Church Statuary: Moving Beyond "Art de Saint-Sulpice"

Statuary is something which I sometimes find myself wishing there was less of -- not because I am against statuary but rather because there is now so much modern statuary out there that is so very lack lustre. Much of this has to do with mass production and the sentimentalism that came out of the 19th century -- what is often termed "Art de Saint-Sulpice."  If you are not certain what this refers to by name, you are quite likely familiar with it at least by sight because it is extraordinarily common and considered by many -- regretfully -- to be "traditional" Catholic art (which is really isn't):

Photo credit: Wikimedia

Outside of statuary, it often turns up in forms such as these:

In addition to its rather sentimentalist qualities, it has the further strike against it of also being rather cheaply made.

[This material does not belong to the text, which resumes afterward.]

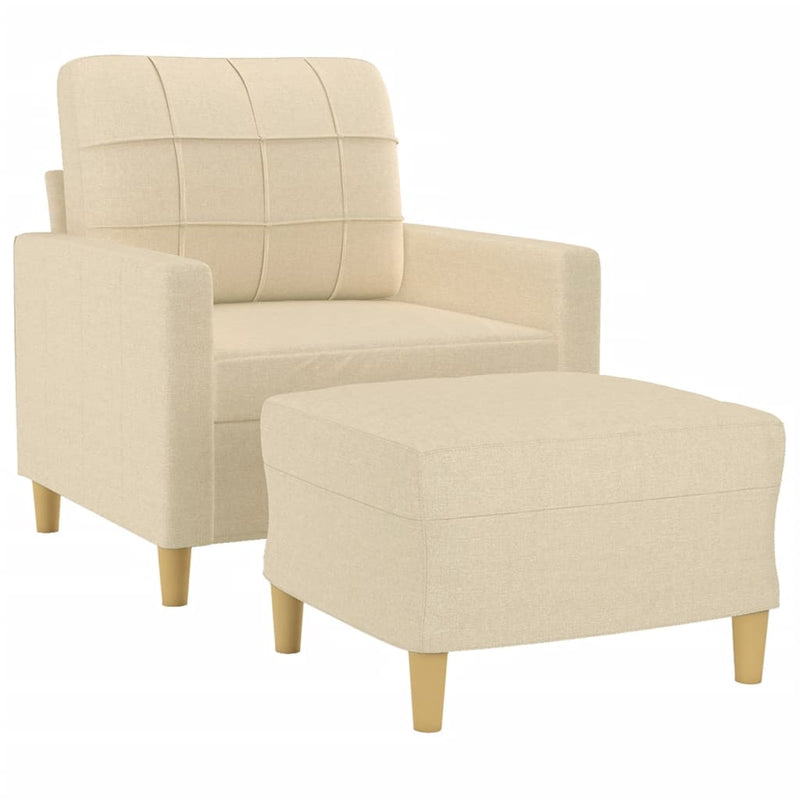 vidaXL krémszínű szövet kanapéfotel lábtartóval 60 cm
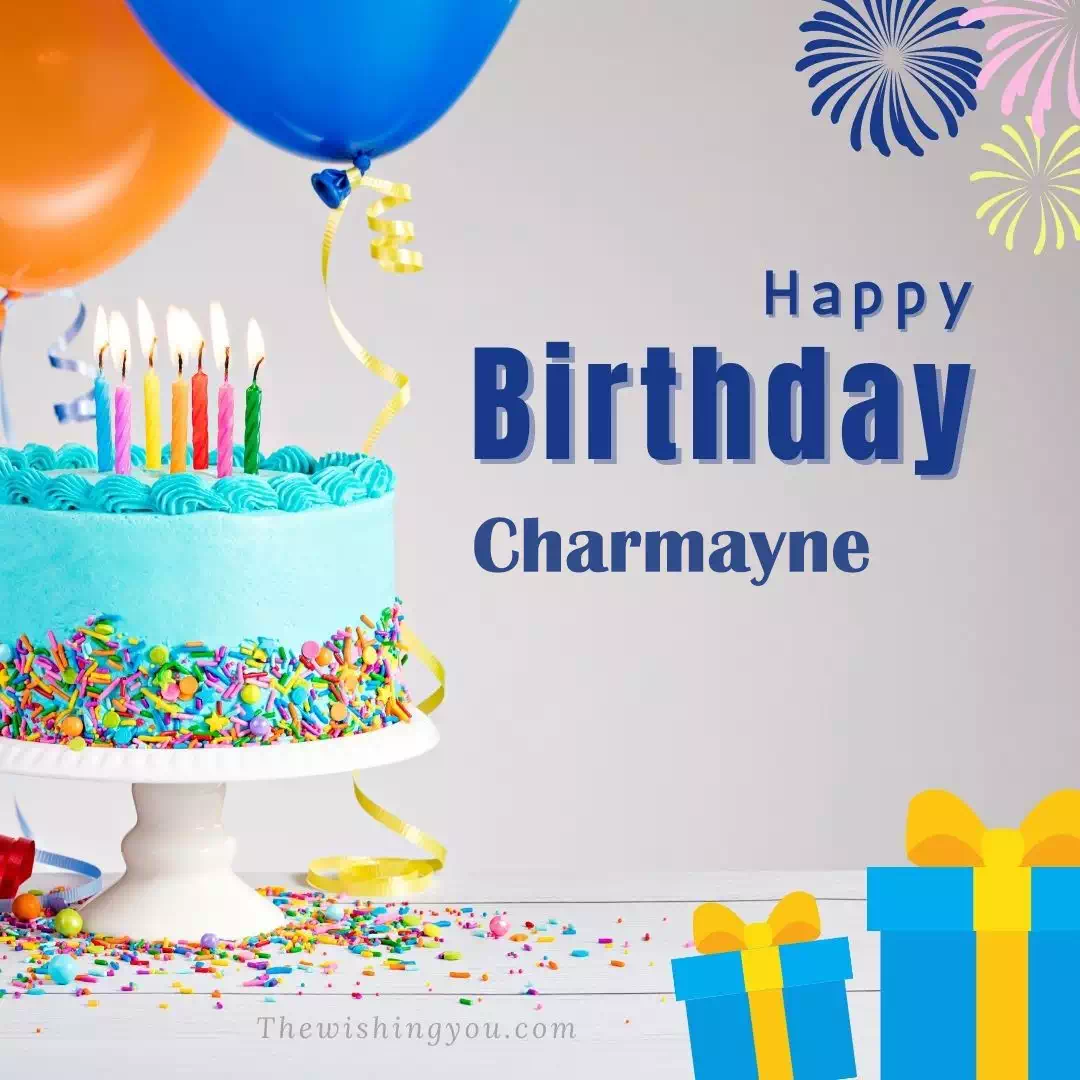Happy Birthday Charmayne written on image, White cake keep on White stand and blue gift boxes with Yellow ribon with Sky background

In the realm of statuary, of course, these are not proper carvings of wood or stone but  hollow moulds of plaster and resin. This would be at least more tolerable if the visual language were better. Is it the worst thing in the world? No, but neither is it anything near the best we can offer and in many instances it approaches kitsch. Surely "making do" is no more sufficient here than it is with polyester vestments or electric votive candles?

Price point is often a justification of course, but it would seem better to have a smaller number of beautiful and qualitative objects of sacred art, worthy of the Church and her liturgy, than a legion of the lack lustre. Where poverty is a legitimate issue this is an entirely different matter, but very often it seems as though this argument is based upon the false necessity of quantity, which quality is thereby sacrificed to.

Very often too the decline in sacred art in our churches today is blamed upon iconoclastic motivations within the liturgical reformers. While there was indeed a kind of iconoclasm at work in the mid-20th century on the part of some liturgical reformers, not every instance of this activity was iconoclastic. It seems that one of the underlying motivation's which influenced some of the developments in 20th century liturgical art was a desire to rise above this sort of mass-produced, rather sentimentalist art. Whatever one might think of some of the designs used during this period, which were often needlessly minimalist and/or primitivist, they often at least employed real materials. For example, altars were often made of stone or marble; statues, while often rather primitivist in form, were carved and made out of wood or stone. Instead of plaster reliefs with electric lighting on altars, we often saw mosaic work. In short, there was an apparent emphasis on a certain authenticity and quality of material and there were also some proper instincts at work here, but what is unfortunate is they were often executed in a spirit of rupture rather than continuity. (We would also see other areas where there was an inverse regression away from the authentic and noble, such as moving away from silk vestments to less noble materials.)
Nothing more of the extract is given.